Роман развертывается как поединок между этой способностью к восстановлению и наступательностью разрушения. Мальчик все время латает — храбро и великодушно. Что бы ни происходило, он не допускает себя до омраченности: он не боится или сторонится боли, инстинктивно страшась привыкания, которое за этой болью может последовать. Он не допускает себя привыкнуть ни к злу, ни к смерти. Детство выступает в романе как невероятно животворная сила. Но как нет в романе ужаса перед бедой, так нет и упоения этой животворностью. Ни из чего не извлекается ни тема, ни пафос — даже из стихийной рыцарственности мальчика, растаптываемой войной.
Лишь потому, что мальчик остался верен себе — своей доверчивости, своему чувству долга и мальчишеской покровительственности, которая не позволила ему в разразившейся грозе убежать от Пати к ребятам, он опутан молодой женщиной. Детство смято, истреблено в момент упоения им, на бегу, в веселой ярости начинавшейся грозы. Он ввязан в грех оттого, что совершенно не причастен ему. Это — внезапное нападение, хотя не фашистской пулей прекращено это детство.
Герои Иоселиани не находятся в зоне огня. Но для писателя эта зона бесконечно расширена, и дна ее тоже не видно. Из нее не выбежишь и внутри ее не укроешься. Пуля старого Эзики, порешившая овдовевшую невестку, едва она родила, — пуля этой войны. Здесь управление дистанционное.
Чем проще, естественней, постижимей события, происходящие с героями, тем явственней тот неожиданный росчерк, который они вдруг прочерчивают. И внутри каждого эпизода, и в общем рисунке сюжета происходит этот зигзаг, то более, то менее очевидный. Следствия здесь куда внезапнее своих причин. Они прорываются в иную плоскость, чем предшествующая им цепочка причин.

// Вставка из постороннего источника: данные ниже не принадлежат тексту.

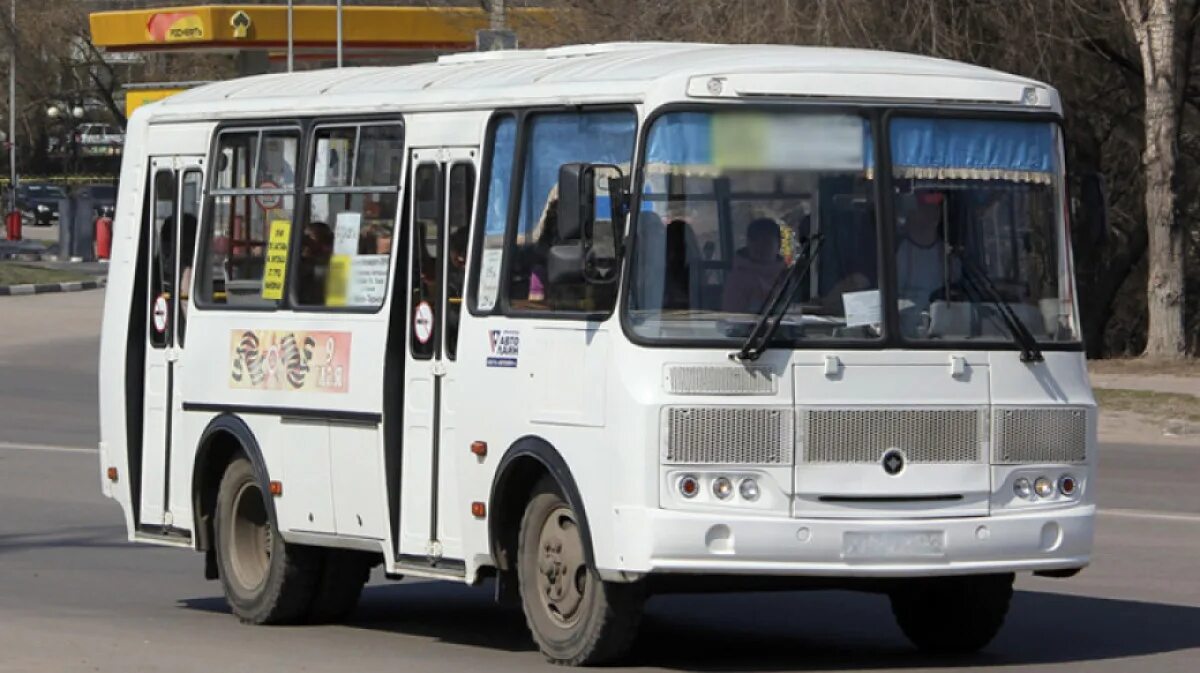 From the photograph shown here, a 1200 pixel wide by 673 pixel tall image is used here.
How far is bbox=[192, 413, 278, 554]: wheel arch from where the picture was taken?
37.7ft

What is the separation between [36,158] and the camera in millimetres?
99562

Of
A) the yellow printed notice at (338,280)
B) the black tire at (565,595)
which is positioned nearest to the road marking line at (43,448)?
the yellow printed notice at (338,280)

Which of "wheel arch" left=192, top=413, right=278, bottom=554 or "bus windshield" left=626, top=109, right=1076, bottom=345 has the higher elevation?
"bus windshield" left=626, top=109, right=1076, bottom=345

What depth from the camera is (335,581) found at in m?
11.5

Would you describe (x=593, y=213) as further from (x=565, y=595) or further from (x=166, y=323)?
(x=166, y=323)

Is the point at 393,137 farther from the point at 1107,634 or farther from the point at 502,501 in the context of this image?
the point at 1107,634

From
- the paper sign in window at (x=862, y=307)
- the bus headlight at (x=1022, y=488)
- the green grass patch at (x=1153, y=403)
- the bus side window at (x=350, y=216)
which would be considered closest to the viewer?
the paper sign in window at (x=862, y=307)

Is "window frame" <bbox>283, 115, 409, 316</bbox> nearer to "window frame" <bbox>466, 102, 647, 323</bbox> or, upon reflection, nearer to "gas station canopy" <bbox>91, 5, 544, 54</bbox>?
"window frame" <bbox>466, 102, 647, 323</bbox>

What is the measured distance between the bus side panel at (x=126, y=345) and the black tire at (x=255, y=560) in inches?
32.3

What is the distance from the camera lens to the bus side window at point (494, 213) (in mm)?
10016

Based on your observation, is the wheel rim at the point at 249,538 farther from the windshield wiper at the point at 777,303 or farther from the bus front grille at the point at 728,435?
the windshield wiper at the point at 777,303

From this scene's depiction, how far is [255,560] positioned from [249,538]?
0.11m

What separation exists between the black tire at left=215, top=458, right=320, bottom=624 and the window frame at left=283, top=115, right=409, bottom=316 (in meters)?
0.89

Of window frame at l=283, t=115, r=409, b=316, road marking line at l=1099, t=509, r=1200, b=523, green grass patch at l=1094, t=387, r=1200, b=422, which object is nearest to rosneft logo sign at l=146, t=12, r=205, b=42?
green grass patch at l=1094, t=387, r=1200, b=422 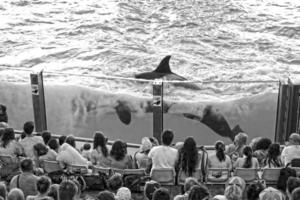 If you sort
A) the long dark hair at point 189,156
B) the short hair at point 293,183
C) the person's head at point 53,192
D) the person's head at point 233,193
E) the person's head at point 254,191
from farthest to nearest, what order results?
the long dark hair at point 189,156
the person's head at point 53,192
the short hair at point 293,183
the person's head at point 254,191
the person's head at point 233,193

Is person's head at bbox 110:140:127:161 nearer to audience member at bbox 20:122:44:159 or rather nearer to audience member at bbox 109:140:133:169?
audience member at bbox 109:140:133:169

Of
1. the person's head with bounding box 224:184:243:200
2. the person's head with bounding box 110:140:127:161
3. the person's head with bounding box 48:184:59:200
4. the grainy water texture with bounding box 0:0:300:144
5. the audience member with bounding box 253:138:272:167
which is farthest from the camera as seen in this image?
the grainy water texture with bounding box 0:0:300:144

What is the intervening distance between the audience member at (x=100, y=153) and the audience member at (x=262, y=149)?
7.82 feet

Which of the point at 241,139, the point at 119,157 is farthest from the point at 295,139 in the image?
the point at 119,157

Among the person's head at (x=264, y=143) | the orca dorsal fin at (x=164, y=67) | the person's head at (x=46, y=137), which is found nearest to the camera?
the person's head at (x=264, y=143)

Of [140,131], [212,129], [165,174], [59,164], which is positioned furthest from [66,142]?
[212,129]

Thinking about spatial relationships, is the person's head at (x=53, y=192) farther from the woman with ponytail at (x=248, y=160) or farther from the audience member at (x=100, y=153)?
the woman with ponytail at (x=248, y=160)

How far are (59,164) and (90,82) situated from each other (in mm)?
8382

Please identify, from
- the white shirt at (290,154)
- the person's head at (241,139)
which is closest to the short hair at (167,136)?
the person's head at (241,139)

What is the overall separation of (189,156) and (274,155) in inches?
51.8

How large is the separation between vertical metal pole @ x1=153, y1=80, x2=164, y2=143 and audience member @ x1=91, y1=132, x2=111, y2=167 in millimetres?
1950

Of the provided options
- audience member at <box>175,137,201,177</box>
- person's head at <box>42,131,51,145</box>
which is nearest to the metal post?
person's head at <box>42,131,51,145</box>

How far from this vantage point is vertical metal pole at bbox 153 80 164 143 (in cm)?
960

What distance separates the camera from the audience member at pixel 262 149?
26.7 ft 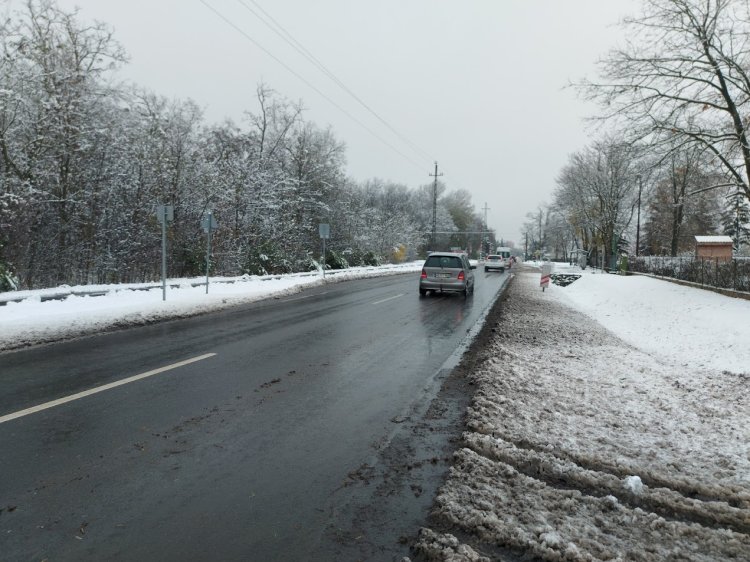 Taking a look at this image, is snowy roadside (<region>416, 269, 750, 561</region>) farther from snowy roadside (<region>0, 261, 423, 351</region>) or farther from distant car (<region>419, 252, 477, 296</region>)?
distant car (<region>419, 252, 477, 296</region>)

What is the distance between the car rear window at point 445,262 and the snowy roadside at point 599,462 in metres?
10.5

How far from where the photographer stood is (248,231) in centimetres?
2803

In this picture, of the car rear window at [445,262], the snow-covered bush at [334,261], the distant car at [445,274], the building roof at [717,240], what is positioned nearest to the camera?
the distant car at [445,274]

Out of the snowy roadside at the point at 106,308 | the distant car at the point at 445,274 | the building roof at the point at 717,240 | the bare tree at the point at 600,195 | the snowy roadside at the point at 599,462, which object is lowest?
the snowy roadside at the point at 599,462

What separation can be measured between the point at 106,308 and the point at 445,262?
12.1 m

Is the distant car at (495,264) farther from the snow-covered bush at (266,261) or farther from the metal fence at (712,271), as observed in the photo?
the snow-covered bush at (266,261)

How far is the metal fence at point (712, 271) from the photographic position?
13742mm

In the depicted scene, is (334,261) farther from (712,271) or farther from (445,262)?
(712,271)

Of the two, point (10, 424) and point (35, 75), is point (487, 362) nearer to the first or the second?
point (10, 424)

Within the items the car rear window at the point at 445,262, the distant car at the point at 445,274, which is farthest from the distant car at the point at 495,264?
the car rear window at the point at 445,262

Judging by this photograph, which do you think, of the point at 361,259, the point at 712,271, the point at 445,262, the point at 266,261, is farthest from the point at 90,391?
the point at 361,259

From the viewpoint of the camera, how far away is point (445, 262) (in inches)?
747

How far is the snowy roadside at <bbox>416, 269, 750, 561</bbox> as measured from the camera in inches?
109

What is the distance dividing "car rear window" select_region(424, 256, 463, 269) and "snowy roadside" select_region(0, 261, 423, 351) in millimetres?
6216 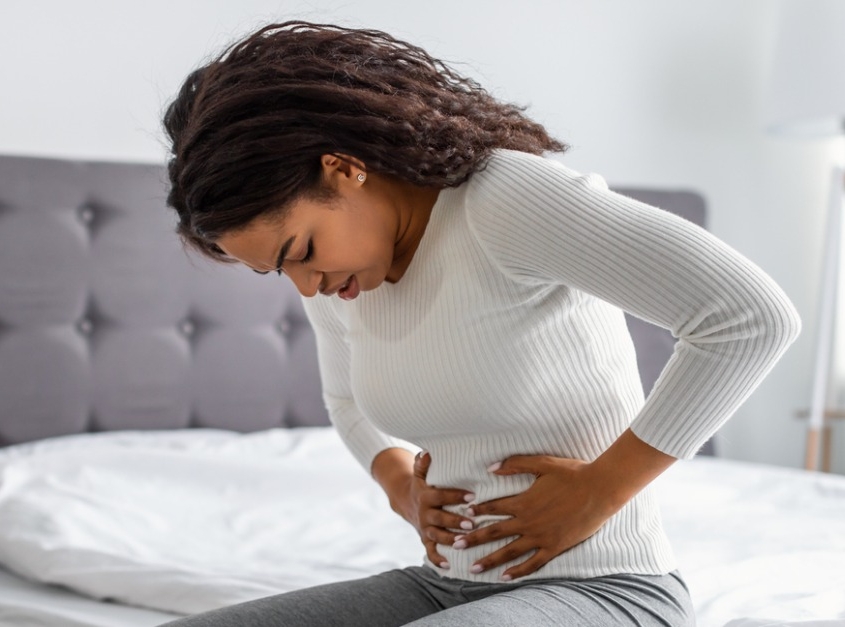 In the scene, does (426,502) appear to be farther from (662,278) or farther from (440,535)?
(662,278)

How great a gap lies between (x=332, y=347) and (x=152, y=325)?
1.00 metres

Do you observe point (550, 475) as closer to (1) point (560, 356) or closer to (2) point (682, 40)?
(1) point (560, 356)

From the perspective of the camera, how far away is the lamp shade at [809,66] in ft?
8.25

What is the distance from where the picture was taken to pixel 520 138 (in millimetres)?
1024

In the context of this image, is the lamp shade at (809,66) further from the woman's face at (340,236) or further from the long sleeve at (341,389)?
the woman's face at (340,236)

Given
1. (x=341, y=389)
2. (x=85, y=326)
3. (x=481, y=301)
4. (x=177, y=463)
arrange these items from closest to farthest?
(x=481, y=301) → (x=341, y=389) → (x=177, y=463) → (x=85, y=326)

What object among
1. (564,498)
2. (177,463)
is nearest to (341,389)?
(564,498)

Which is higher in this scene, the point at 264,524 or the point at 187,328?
the point at 187,328

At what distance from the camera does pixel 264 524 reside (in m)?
1.69

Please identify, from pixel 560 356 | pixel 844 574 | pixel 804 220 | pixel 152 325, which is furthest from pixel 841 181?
pixel 560 356

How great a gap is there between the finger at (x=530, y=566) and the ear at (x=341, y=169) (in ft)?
1.31

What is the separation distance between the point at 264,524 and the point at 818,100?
1819 millimetres

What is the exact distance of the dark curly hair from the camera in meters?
0.92

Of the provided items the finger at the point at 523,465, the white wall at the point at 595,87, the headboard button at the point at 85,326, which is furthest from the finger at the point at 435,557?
the white wall at the point at 595,87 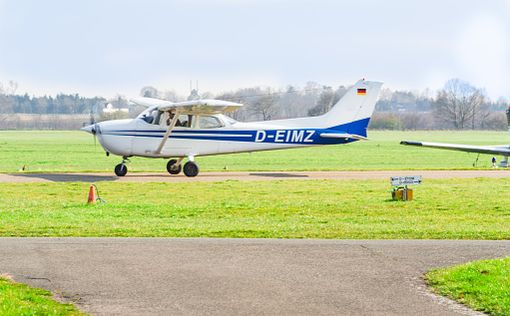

Лишь когда ушли на фронт хозяева, становится видно, каким множеством усилий, не заметных в своей повседневной монотонности, поддерживалось и сохранялось течение деревенской жизни. Едва только во двор — после проводов отца на войну — входит тринадцатилетний мальчик, ставший хозяином, начинается движение распада, несмотря на все усилия Гогиты сохранить все, как было при отце. И здесь бытописательский дар Иоселиани развертывается неумеряемо и неспешно. Кажется, даже слишком неспешно. Как запрягаются быки, как мальчик воюет с плугом, прокладывая первую самостоятельную борозду, как подковываются быки, — все это очень подробно, изобильно; знание наслаждается возможностью себя высказывать, но что это знание может оказаться ненужным, что оно может ветшать вместе с обветшанием хозяйства — тоже ощутимо в этих сценах крестьянского труда, переложенного на тринадцатилетних мальчишек. Иоселиани чуток к канунам. Назревание перемен в недрах, казалось бы, неподвижных основ, освященных и цементируемых привычкою поколений, — на этом сосредоточено, этим питается его художественное сознание. Сочетание основательности и легкости в его письме выражает отягощенность традицией, вполне кровной, ценимой, бесконечно желанной, со способностью от нее оторваться, с порывом к выбросу из нее.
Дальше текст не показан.